## Work order
Everything from the line with "SENECA KNOLL - Residential" through the final line of the listing below must be retyped exactly, apart from the pictures.

Top of Dataset content

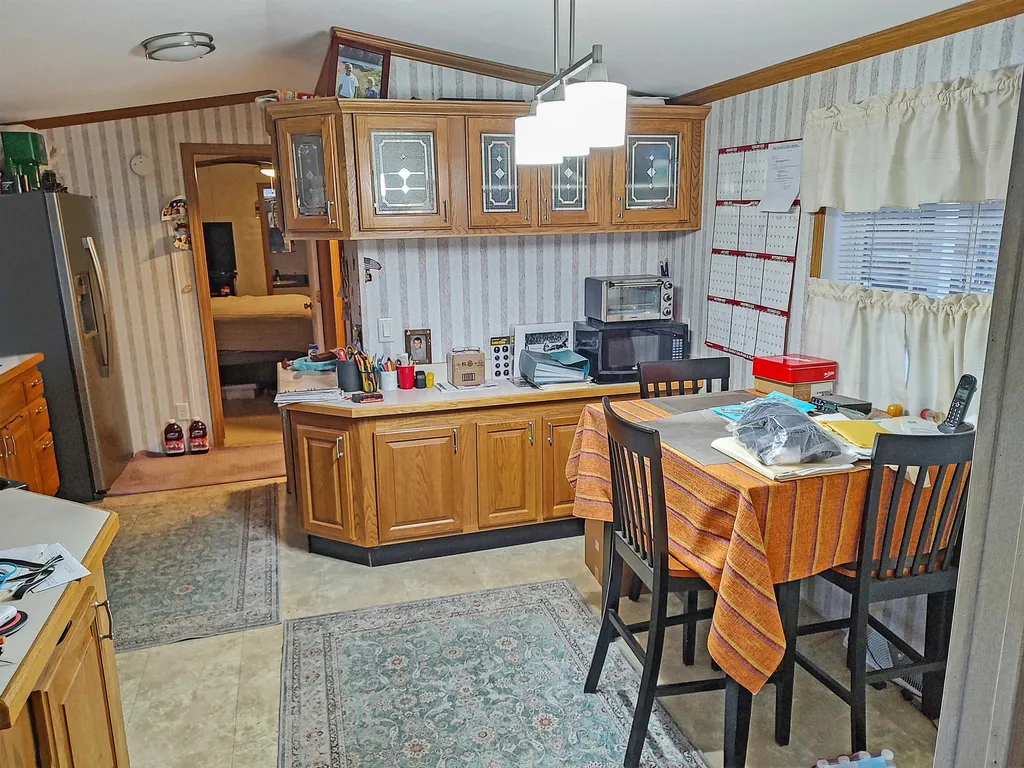 19 Willow Road Newton NH 03858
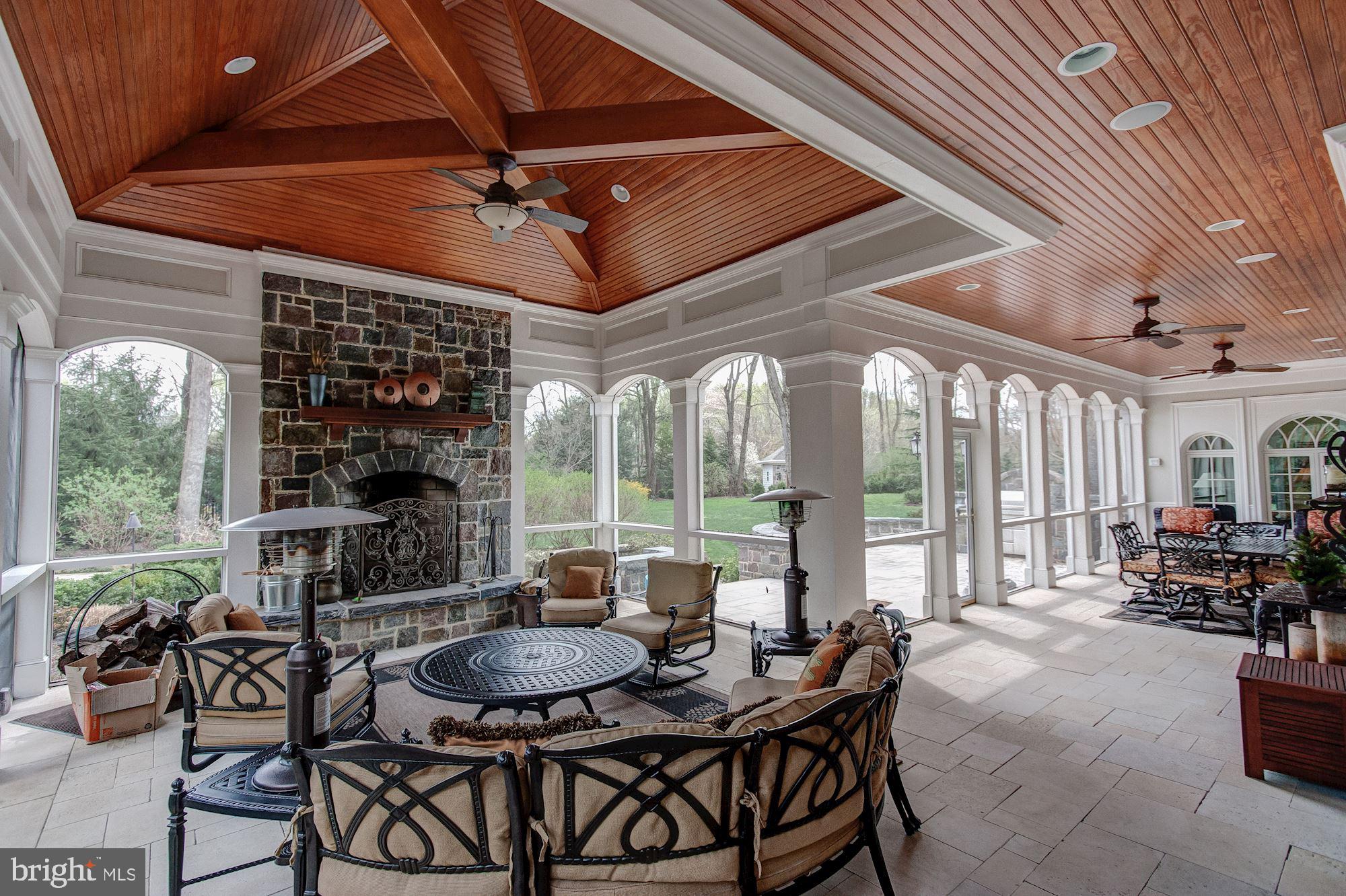 SENECA KNOLL - Residential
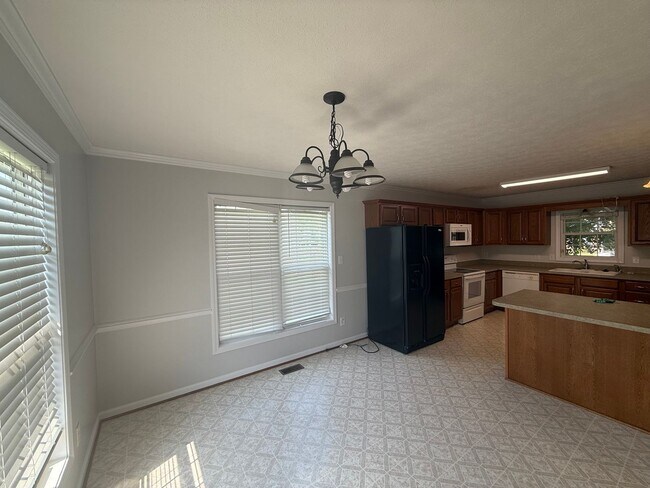 Building Photo - Great Location - Great Neighborhood - Grea...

Bottom of Dataset content

## Solution to this problem
 SENECA KNOLL - Residential
 Building Photo - Great Location - Great Neighborhood - Grea...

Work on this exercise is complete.